What are y'all's favorite scherzos in a symphony?
Mine:
Bruckner 7
Mahler 5
Dvorak 7


----------



## Pugg (Aug 8, 2014)

Mahler 5 probably:tiphat:


----------



## Gordontrek (Jun 22, 2012)

I don't really have a favorite but I'll say Dvorak 8.


----------



## R3PL4Y (Jan 21, 2016)

I thought Dvorak 8 didn't have a scherzo?


----------



## Xaltotun (Sep 3, 2010)

First ones that come to my mind are Beethoven 9 and Bruckner 9.


----------



## Gordontrek (Jun 22, 2012)

R3PL4Y said:


> I thought Dvorak 8 didn't have a scherzo?


Indeed it does: 




The title of the movement is "Allegretto grazioso" but the piece itself can be called a scherzo.


----------



## waldvogel (Jul 10, 2011)

Schumann's Second.
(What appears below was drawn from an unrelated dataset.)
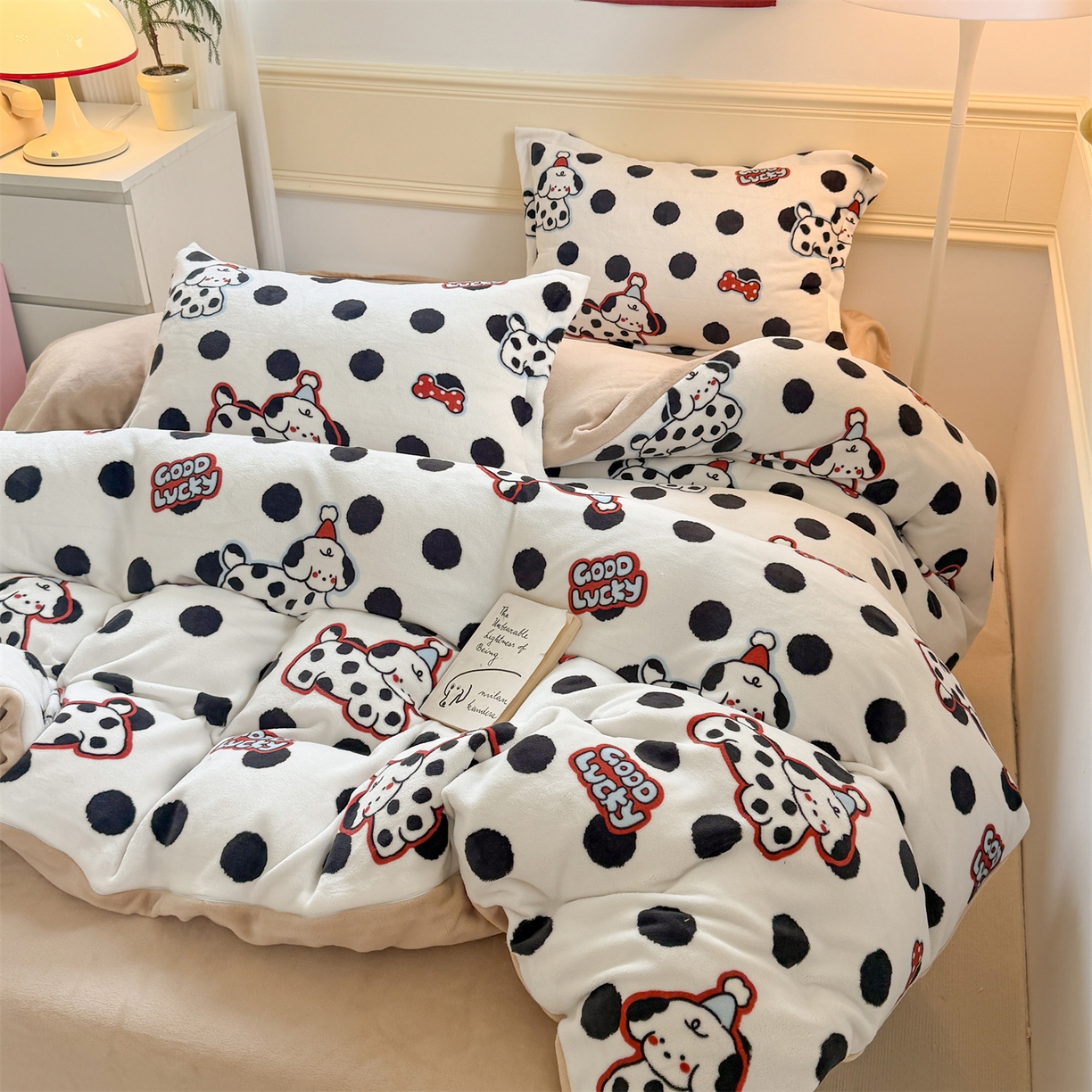 91家纺网 家纺一手货源 找家纺 艾特你 2025新款小清新高克重加厚牛奶绒印花四件套--风格二小窝图 波点小狗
How is it possible for human beings to play so fast, and how is it possible that something so fast has such a perfect structure?


----------



## Strange Magic (Sep 14, 2015)

Dvoràk 7 is very nice indeed. Shall we dance?


----------



## dgee (Sep 26, 2013)

I don't do favourites, but Walton 1 deserves a mention. Very fast, very fun


----------



## Orfeo (Nov 14, 2013)

Bruckner's 4th, 8th, and 9th.
Glazunov's 3rd & 8th.
Elgar's 2nd.
Stanford's 3rd "Irish."
Tchaikovsky's "Manfred."
Dohnanyi's 1st Symphony.
Goldmark's "Rustic Wedding."
Felix Draeseke's First.
Alfven's 3rd.
Dvorak's 5th, 8th, and 9th.


----------



## R3PL4Y (Jan 21, 2016)

The scherzo of Bruckner 9 is about as far as you can get musically from a joke.


----------



## Totenfeier (Mar 11, 2016)

Mahler 2nd. In my opinion, this scherzo works on so many levels - and it is much darker and more evil than it seems.


----------



## hansklein (May 1, 2016)

My favorite scherzos:
Mahler 9
Beethoven 3, 5, 7, 9
Schubert 5, 9
Dvorak 7
Bruckner 8
Sibelius 1
Prokofiev 5 (I'd call it a scherzo)


----------